Postby linguoboy » 2014-07-24, 20:39

GothicSp wrote:There is interesting information about this:
Due to the current climate of globalization and Americanization, steps have been taken to keep Hebrew the primary language of use, and to prevent large-scale incorporation of English words into Hebrew vocabulary. The Academy of the Hebrew Language of the Hebrew University of Jerusalem currently invents about 2,000 new Hebrew words each year for modern words by finding an original Hebrew word that captures the meaning, as an alternative to incorporating more English words into Hebrew vocabulary.

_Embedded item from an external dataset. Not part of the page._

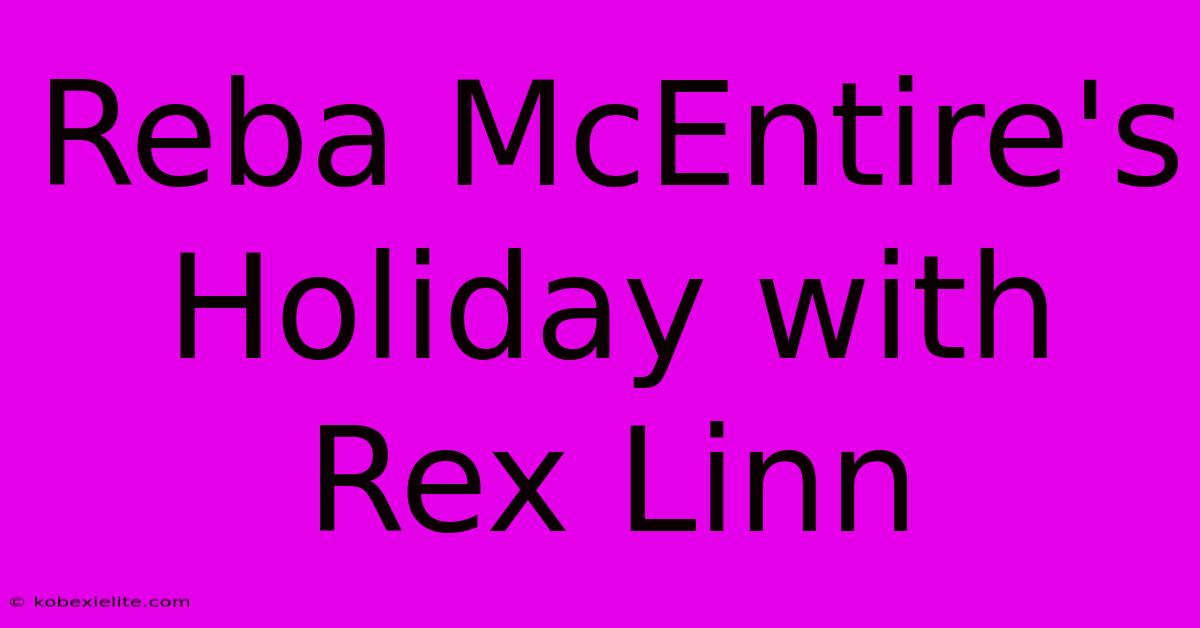 Reba McEntire's Holiday With Rex Linn Reba McEntire's Holiday With Rex Linn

The Haifa municipality has banned officials from using English words in official documents, and is fighting to stop businesses from using only English signs to market their services.[55] In 2012, a Knesset bill for the preservation of the Hebrew language was proposed, which includes the stipulation that all signage in Israel must first and foremost be in Hebrew, as with all speeches by Israeli officials abroad. The bill's author, MK Akram Hasson, stated that the bill was proposed as a response to Hebrew "losing its prestige", and children incorporating more English words into their vocabulary.[56] Hebrew is also an official national minority language in Poland, since 6 January 2005.[5]
According to this text, the Aramaic and Assyrian influence is much bigger than the English one.

According to what text? Because the passage you quote above doesn't mention Aramaic or "Assyrian" (again, whatever that means) at all.